Extracted data entries:
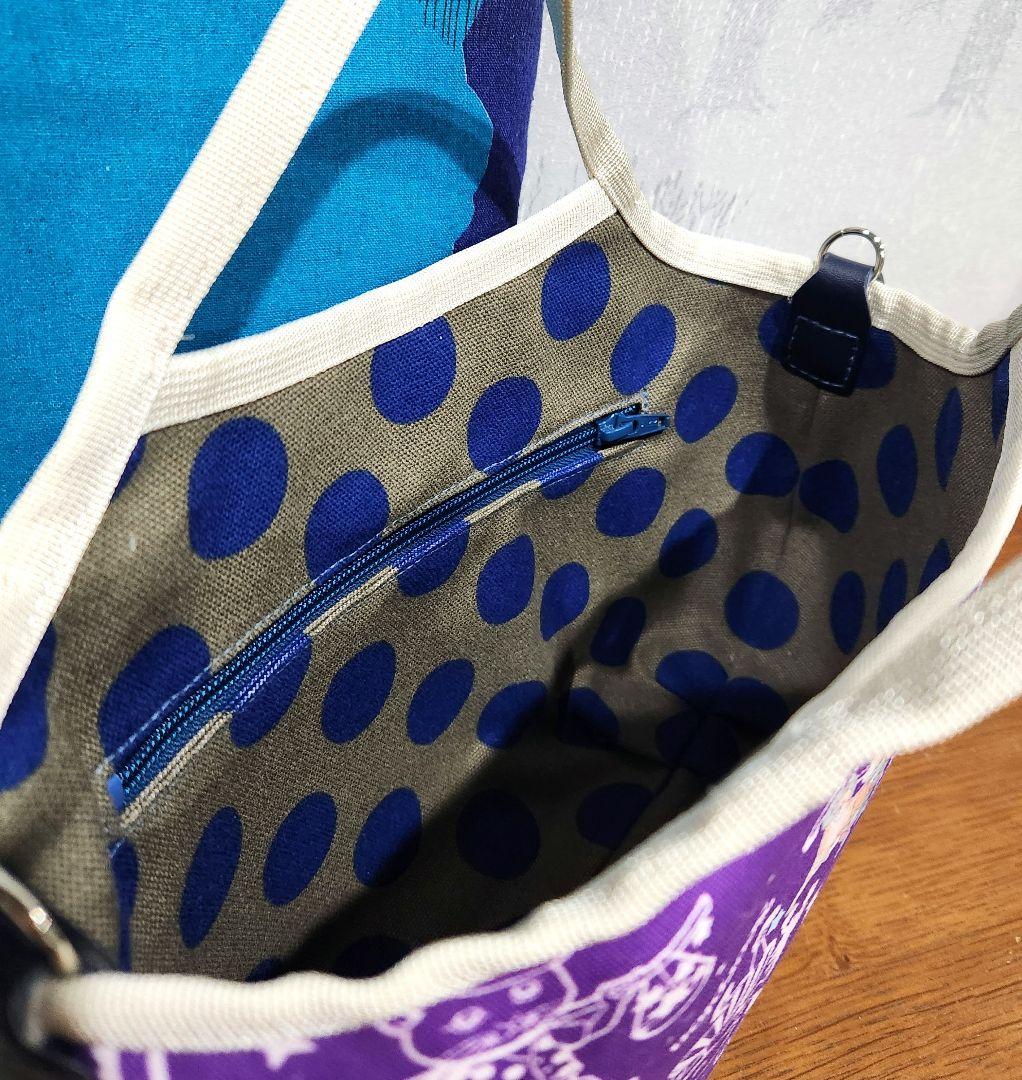 うな様ご確認用です(^_^　ジョリーフルール　マイリトルテイラー　エピファニー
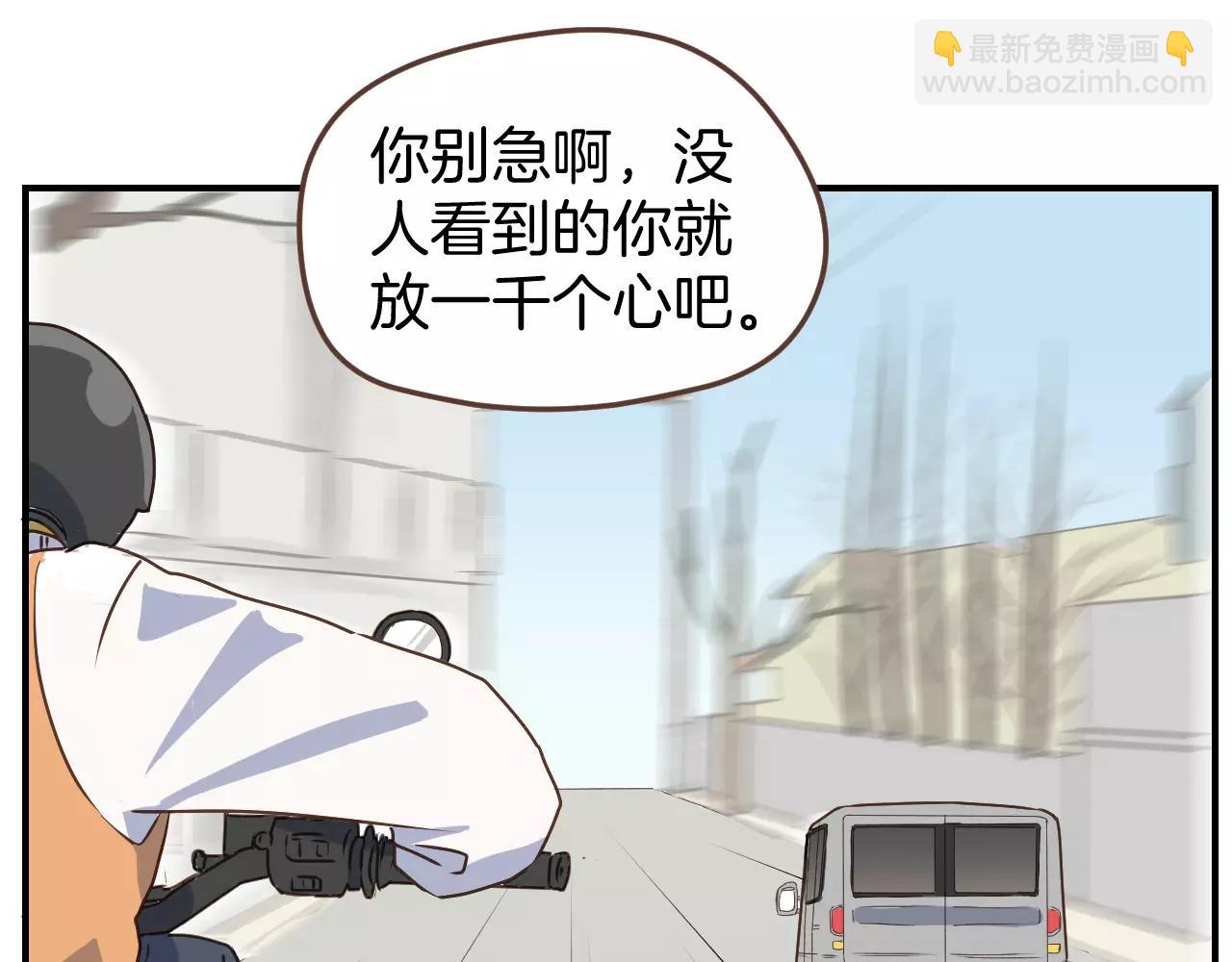小夥子毛線店 - 第14話 遭遇人販子 - 4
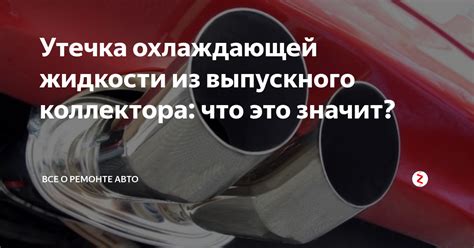 Аномальный запах охлаждающей жидкости: что это значит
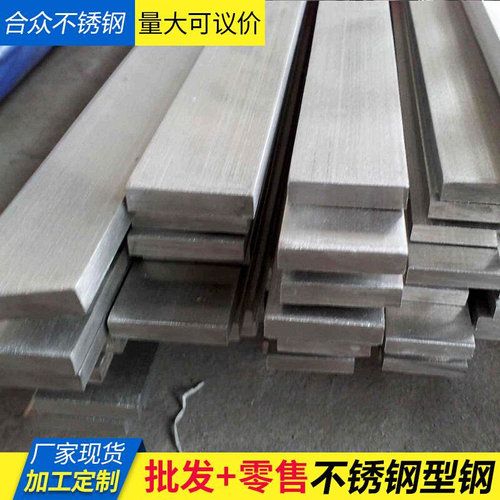 厂钢条不锈钢扁条冷拉方钢扁铁六角棒拉丝板不锈钢扁钢方条实心方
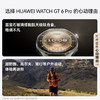 HUAWEI WATCH GT 6 Pro  华为智能手表全新骑行体验21天超长续航蓝宝石玻璃&钛合金GT5Pro升级 商品缩略图8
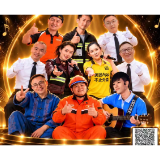 全国十强,新就业群体版《歌手》来了!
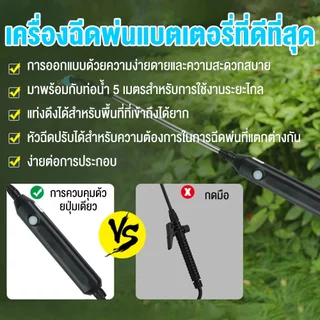 เครื่องพ่นยาไฟฟ้า 2500mAh ชาร์จ USB หัวฉีด 3 แบบ ปรับแรง 3 ระดับ ก้านยืด 60-90 ซม. รดน้ำต้นไม้ สายยาง 2/3/5 ม.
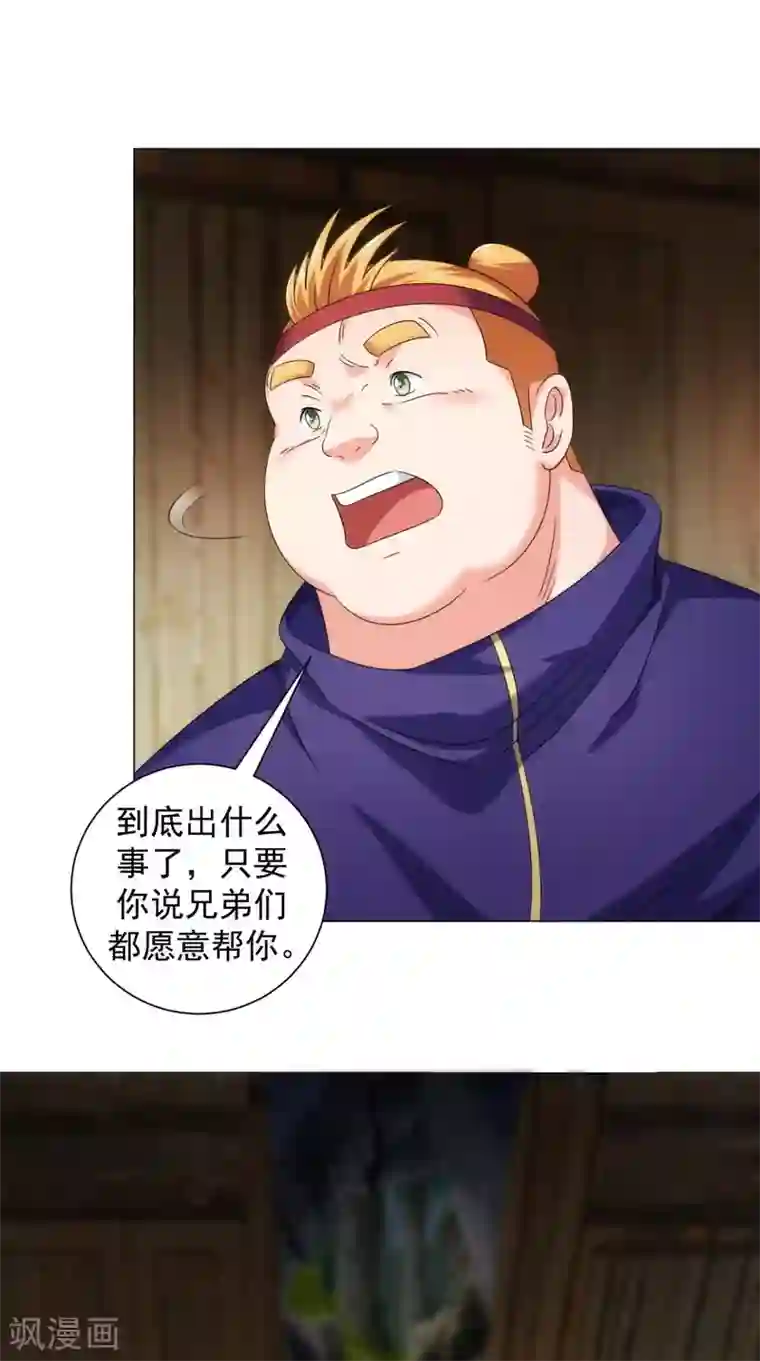 极武玄帝第97话 寻找火焰山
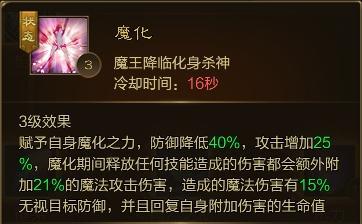 《王者征途》职业平衡改动已上测试区一起看看具体改动如何吧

# [WHAT TO DO]
A word-for-word copy of all the records above is required, with the pictures left out.

# [TASK RESPONSE]
 うな様ご確認用です(^_^　ジョリーフルール　マイリトルテイラー　エピファニー
小夥子毛線店 - 第14話 遭遇人販子 - 4
 Аномальный запах охлаждающей жидкости: что это значит
 厂钢条不锈钢扁条冷拉方钢扁铁六角棒拉丝板不锈钢扁钢方条实心方
 HUAWEI WATCH GT 6 Pro  华为智能手表全新骑行体验21天超长续航蓝宝石玻璃&钛合金GT5Pro升级 商品缩略图8
 全国十强,新就业群体版《歌手》来了!
 เครื่องพ่นยาไฟฟ้า 2500mAh ชาร์จ USB หัวฉีด 3 แบบ ปรับแรง 3 ระดับ ก้านยืด 60-90 ซม. รดน้ำต้นไม้ สายยาง 2/3/5 ม.
 极武玄帝第97话 寻找火焰山
 《王者征途》职业平衡改动已上测试区一起看看具体改动如何吧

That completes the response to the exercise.